Corneille Stroobant (1811–1890) was a Belgian priest-scholar with a particular interest in local history and genealogy. He was a brother of Eugène Edouard Stroobant, member of the Belgian Chamber of Representatives and Flemish author.

==Life==
Stroobant was born in Turnhout on 6 November 1811, and studied at a secondary school there. He enrolled in the Archdiocesan Major Seminary, Mechelen, on 2 September 1833, and on 2 May 1836 was appointed to teach in the minor seminary in Hoogstraten. From 1845 to 1879 he was a missionary in Derby, England. In retirement he lived in Brussels and dedicated his time to further research, publishing numerous articles in the Annales de l'Académie Royale d'Archéologie de Belgique and in the Mélanges bibliographiques inédits.

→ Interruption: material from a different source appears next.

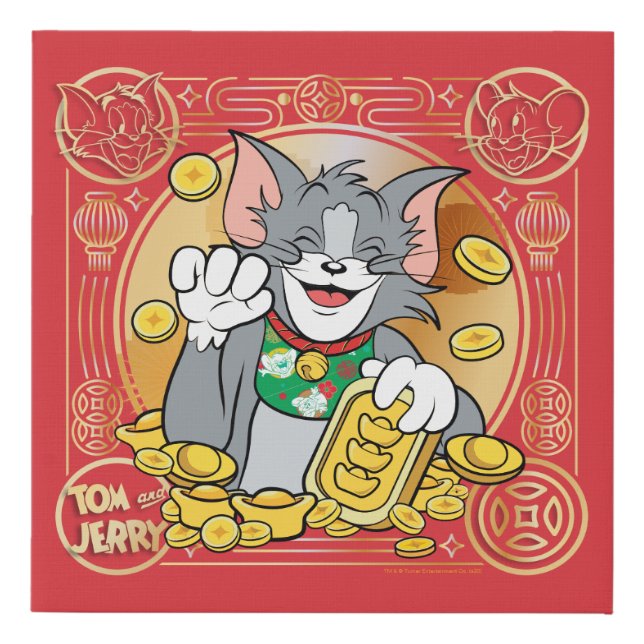 Lucky Cat Jerry With Gold Sycees Faux Canvas Print (Front)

He died in Brussels on 20 October 1890 and was buried in his family's vault in Wemmel.

==Works==
- Notice historique et généalogique sur les seigneurs d'Oisquercq et de Val (1848)
- Notice sur la fondation de la première messe dans l'église paroissiale de Hal-Notre-Dame (1849)
- Notice historique et généalogique sur les seigneurs de Braine-le-Château et Haut-Ittre (1849)
- Notice historique et généalogique sur les seigneurs de Tyberchamps (1851)
- Notices sur les quatre anciennes vicomtés de Hollande (1853)
- Histoire de la commune de Virginal (1853)
- Histoire de la commune de Feluy (1858)

==Memberships==

Corneille Stroobant was a member of numerous historical and literary learned societies: the Société pour l’Émancipation intellectuelle, Brussels; Tael- en letterlievend Genootschap De Dageraed, Turnhout (1843); Académie d’Archéologie de Belgique, Antwerp (1843); Nederduitsch Tael- en Letterkundig Genootschap, Brussels (1843); Leuvensch Tael- en Letterlievend Genootschap, Leuven (1844); Société Académique de Cherbourg (1847); Sociedad Arqueolójica Española, Madrid (1849); Société des Sciences, des Arts et des Lettres du Hainaut, Mons (1850); Historisch Genootschap, Utrecht (1851 en 1857); British Academy of Universal Industry, Science and Arts, London (1851); Académie Belge d’Histoire et de Philologie, Antwerp (1851); Société historique et archéologique à Maestricht, Maastricht (1854); Société des Antiquaires de l’Ouest, Poitiers (1854); Société des Archivistes de France, Paris (1855); Société d’Histoire et des Beaux-Arts de la Flandre maritime de France, Bergues (1856); Société scientifique et littéraire du Limbourg, Tongeren (1858).